Compute

Shifting gears, we have our look at compute performance. As compute performance will be more significantly impacted by the reduction in CUs than most other tests, we’re expecting the performance hit for the R9 Fury relative to the R9 Fury X to be more significant here than under our gaming tests.

Starting us off for our look at compute is LuxMark3.0, the latest version of the official benchmark of LuxRender 2.0. LuxRender’s GPU-accelerated rendering mode is an OpenCL based ray tracer that forms a part of the larger LuxRender suite. Ray tracing has become a stronghold for GPUs in recent years as ray tracing maps well to GPU pipelines, allowing artists to render scenes much more quickly than with CPUs alone.

Compute: LuxMark 3.0 - Hotel

For LuxMark with the R9 Fury X already holding the top spot, the R9 Fury cards easily take the next two spots. One interesting artifact of this is that the R9 Fury’s advantage over the GTX 980 is actually greater than the R9 Fury X’s over the GTX 980 Ti’s, both on an absolute and relative basis. This despite the fact that the R9 Fury is some 13% slower than its fully enabled sibling.

For our second set of compute benchmarks we have CompuBench 1.5, the successor to CLBenchmark.

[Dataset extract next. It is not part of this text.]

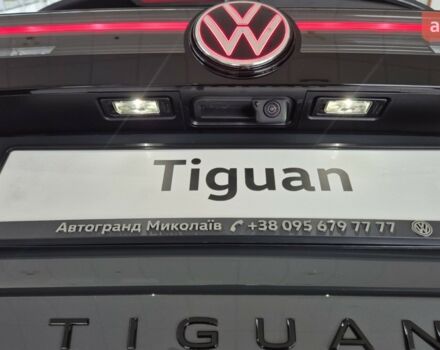 Фольксваген Тигуан, объемом двигателя 1.97 л и пробегом 0 тыс. км за 56986 $, фото 10 на Automoto.ua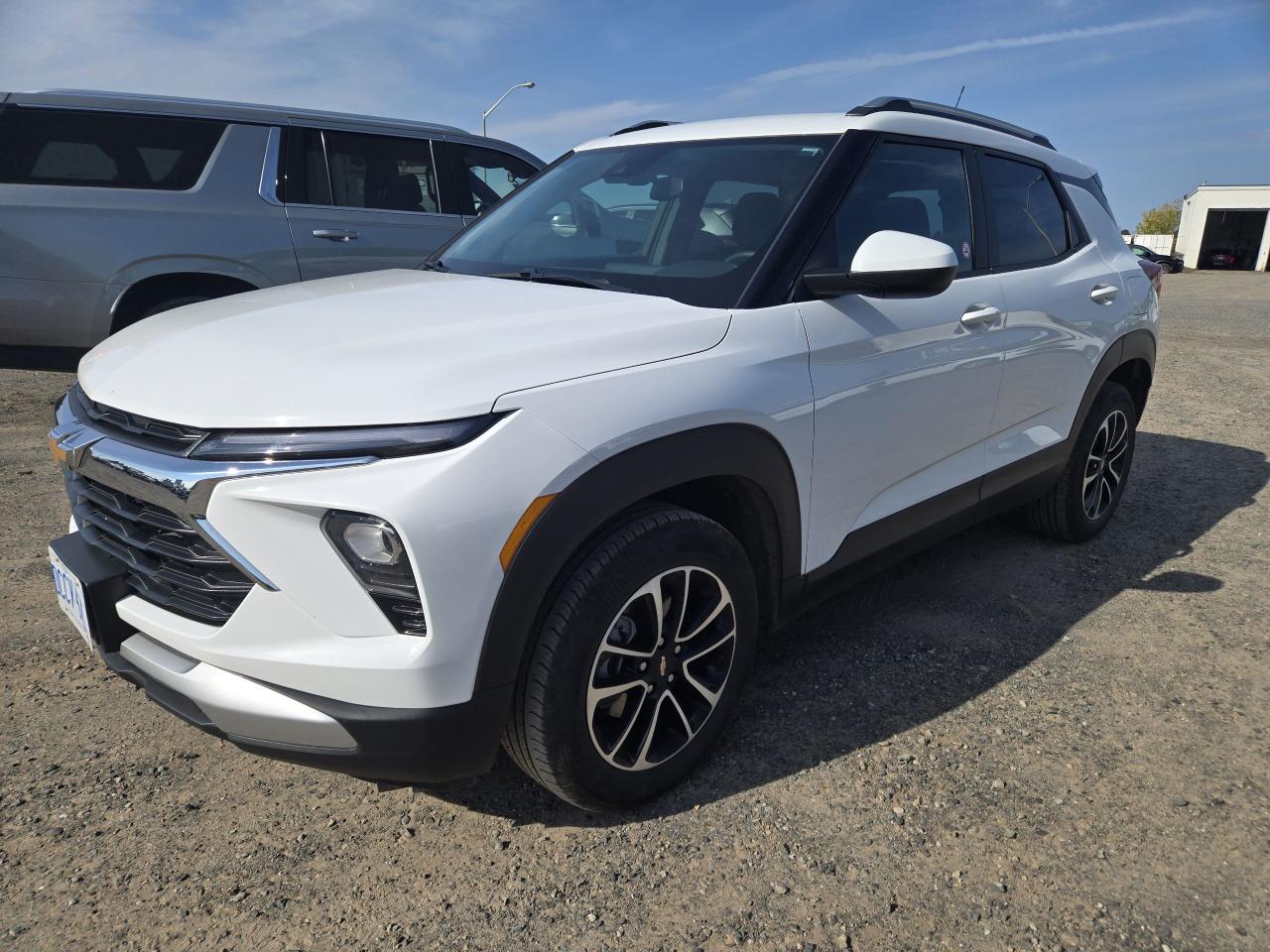 2024 Chevrolet TrailBlazer LT - Photo #1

CompuBench offers a wide array of different practical compute workloads, and we’ve decided to focus on face detection, optical flow modeling, and particle simulations.

Compute: CompuBench 1.5 - Face Detection

Compute: CompuBench 1.5 - Optical Flow

Compute: CompuBench 1.5 - Particle Simulation 64K

Not unlike LuxMark, tests where the R9 Fury X did well have the R9 Fury doing well too, particularly the optical flow sub-benchmark. The drop-off in that benchmark and face detection is about what we’d expect for losing 1/8th of Fiji’s CUs. On the other hand the particle simulation benchmark is hardly fazed beyond the clockspeed drop, indicating that the bottleneck lies elsewhere.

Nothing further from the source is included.